Ezra's Bookshelf

Law and Disagreement

by Jeremy Waldron · 1079 pages

Jeremy Waldron, a legal philosopher now at NYU Law School, offers a comprehensive critique of judicial review that challenges both liberal and conservative defenses of the practice. Waldron's central argument is deceptively simple: in a society where people disagree about rights, the most respectful way to resolve disputes is through majority decision among those who hold the rights in question, not by deferring to unelected judges. The book engages seriously with arguments for judicial review, including claims about minority protection and the pre-commitment function of constitutional constraints, showing why these arguments fail to justify removing fundamental questions from democratic resolution. Waldron draws on the thought of democratic theorists from Rousseau to contemporary deliberative democrats while developing his own account of legislation as a dignified form of collective decision-making.

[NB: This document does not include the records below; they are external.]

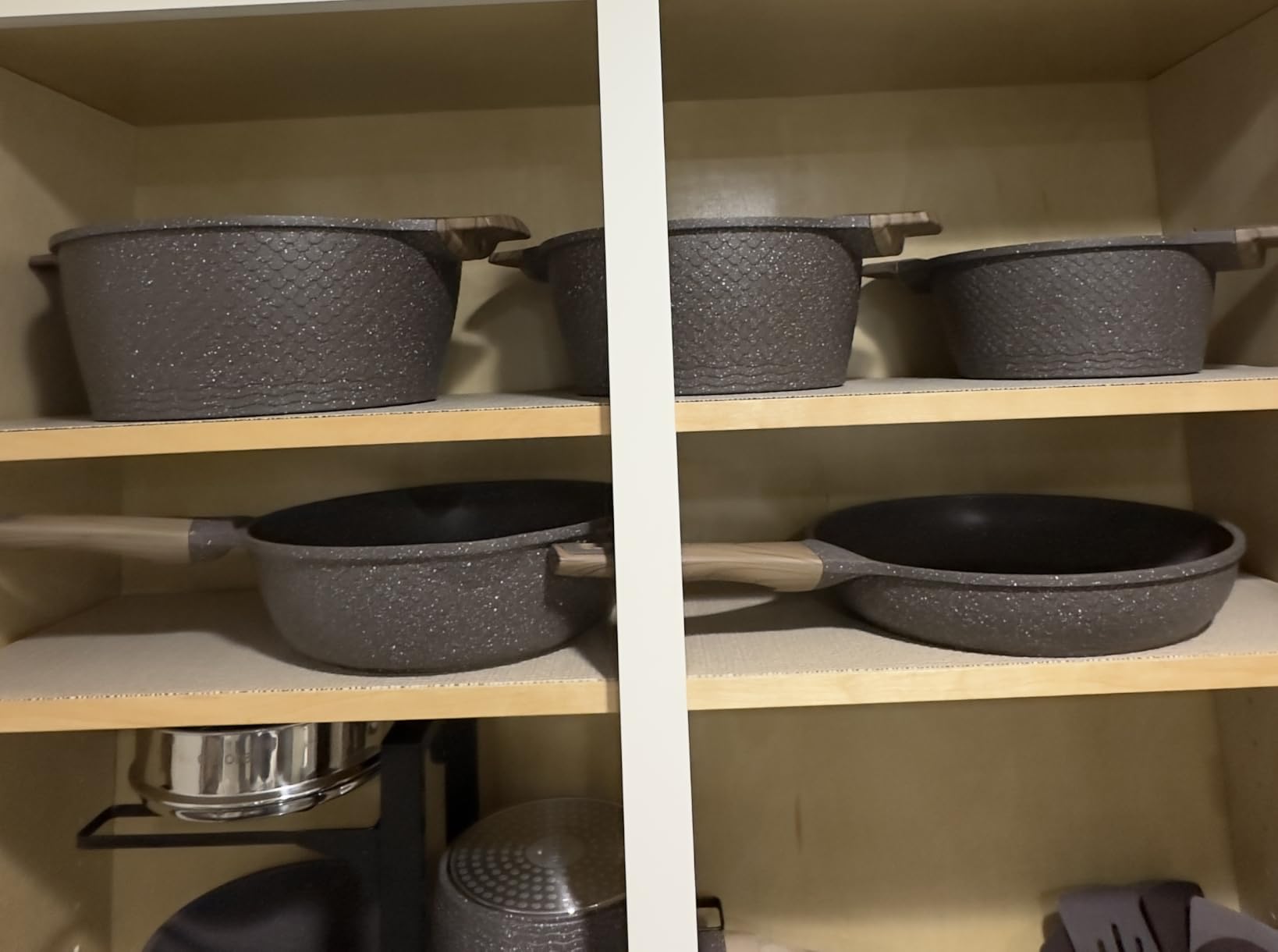 CAROTE 26PCS Pots and Pans Set Non Stick, Cookware Set Pots and Pans Induction Cook Ware, Nonstick Kitchen Cooking, PFOA Free customer photo 2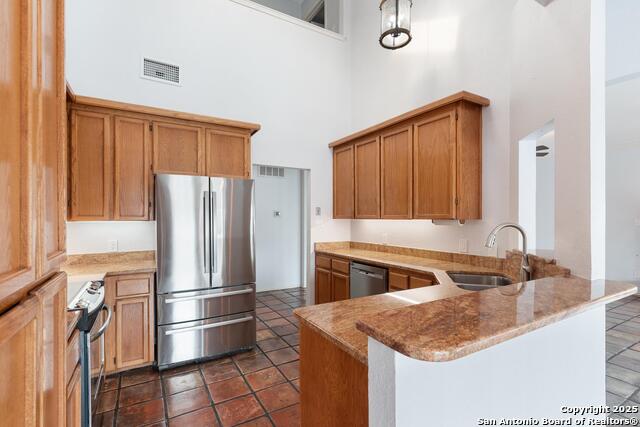 Listing photo id 15 for 13614 Camino De Oro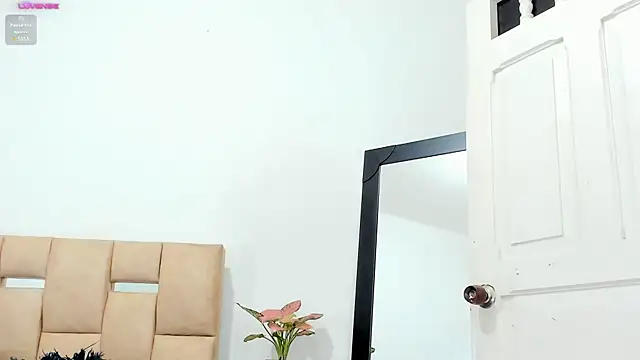 Alishagoddes online show from 7, 1, 2025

The book does not claim that legislatures always reach correct conclusions but argues that courts have no special claim to moral insight and that democratic resolution treats citizens as equals in a way that judicial supremacy does not. First published in 1999 and continuously relevant to debates about constitutional interpretation, this work offers the most philosophically rigorous case against judicial review in the Anglo-American legal tradition. Essential reading for anyone thinking seriously about the proper relationship between democracy and rights.